PROBLEM STATEMENT: Where in the entries below does "Close" appear? Copy every line that has it.

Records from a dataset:
▶

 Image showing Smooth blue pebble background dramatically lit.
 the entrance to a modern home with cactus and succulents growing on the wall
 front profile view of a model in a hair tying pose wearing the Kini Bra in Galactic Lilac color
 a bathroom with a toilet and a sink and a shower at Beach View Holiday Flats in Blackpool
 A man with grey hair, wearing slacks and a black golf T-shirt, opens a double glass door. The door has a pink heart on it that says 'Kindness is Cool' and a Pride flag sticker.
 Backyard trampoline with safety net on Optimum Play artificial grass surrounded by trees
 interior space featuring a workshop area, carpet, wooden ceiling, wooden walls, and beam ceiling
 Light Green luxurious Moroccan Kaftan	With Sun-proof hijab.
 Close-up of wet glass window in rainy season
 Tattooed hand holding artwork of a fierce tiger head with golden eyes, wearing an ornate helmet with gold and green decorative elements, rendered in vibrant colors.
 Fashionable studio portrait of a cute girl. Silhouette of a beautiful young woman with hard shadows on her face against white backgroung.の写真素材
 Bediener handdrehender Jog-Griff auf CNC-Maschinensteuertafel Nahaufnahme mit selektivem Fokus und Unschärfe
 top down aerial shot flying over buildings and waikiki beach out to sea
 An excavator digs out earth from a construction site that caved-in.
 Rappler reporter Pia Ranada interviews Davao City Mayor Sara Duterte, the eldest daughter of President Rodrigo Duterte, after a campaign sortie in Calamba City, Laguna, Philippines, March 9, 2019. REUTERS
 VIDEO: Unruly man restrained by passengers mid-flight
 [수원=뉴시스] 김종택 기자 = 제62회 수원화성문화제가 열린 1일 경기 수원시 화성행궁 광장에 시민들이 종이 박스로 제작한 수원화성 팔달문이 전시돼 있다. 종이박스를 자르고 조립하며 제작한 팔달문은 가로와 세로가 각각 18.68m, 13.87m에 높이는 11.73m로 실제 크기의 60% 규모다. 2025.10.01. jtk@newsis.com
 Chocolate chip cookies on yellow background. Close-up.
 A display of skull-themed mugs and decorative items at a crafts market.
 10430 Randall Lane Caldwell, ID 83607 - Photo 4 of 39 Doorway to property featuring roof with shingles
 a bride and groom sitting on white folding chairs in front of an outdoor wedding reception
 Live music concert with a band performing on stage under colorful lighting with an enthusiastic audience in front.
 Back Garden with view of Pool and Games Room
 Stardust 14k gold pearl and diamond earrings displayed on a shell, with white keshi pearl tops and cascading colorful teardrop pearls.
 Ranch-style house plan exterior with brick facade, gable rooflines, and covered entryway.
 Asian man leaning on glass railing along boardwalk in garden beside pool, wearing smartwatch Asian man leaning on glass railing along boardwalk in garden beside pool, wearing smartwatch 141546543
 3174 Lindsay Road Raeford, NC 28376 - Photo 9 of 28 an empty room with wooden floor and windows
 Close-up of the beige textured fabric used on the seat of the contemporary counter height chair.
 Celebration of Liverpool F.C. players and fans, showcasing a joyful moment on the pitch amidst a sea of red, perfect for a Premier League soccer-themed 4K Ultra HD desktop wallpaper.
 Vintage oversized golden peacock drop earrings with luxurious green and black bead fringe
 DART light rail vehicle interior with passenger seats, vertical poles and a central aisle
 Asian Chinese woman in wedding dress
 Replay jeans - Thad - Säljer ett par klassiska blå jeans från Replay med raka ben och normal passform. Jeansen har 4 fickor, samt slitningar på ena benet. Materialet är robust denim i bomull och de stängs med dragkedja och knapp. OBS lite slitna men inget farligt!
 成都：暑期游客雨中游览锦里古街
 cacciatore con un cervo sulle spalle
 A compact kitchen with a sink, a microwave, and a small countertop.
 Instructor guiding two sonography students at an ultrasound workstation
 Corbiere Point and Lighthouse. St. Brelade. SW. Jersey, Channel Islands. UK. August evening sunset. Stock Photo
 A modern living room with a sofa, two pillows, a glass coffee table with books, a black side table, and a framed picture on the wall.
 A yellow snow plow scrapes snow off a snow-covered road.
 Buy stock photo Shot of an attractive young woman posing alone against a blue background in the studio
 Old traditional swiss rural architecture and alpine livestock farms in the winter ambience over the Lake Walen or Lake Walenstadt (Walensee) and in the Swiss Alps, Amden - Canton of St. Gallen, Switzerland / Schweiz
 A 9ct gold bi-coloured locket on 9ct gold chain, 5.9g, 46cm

◀

ANSWER FOR THIS EXERCISE:
 Close-up of wet glass window in rainy season
 Chocolate chip cookies on yellow background. Close-up.
 Close-up of the beige textured fabric used on the seat of the contemporary counter height chair.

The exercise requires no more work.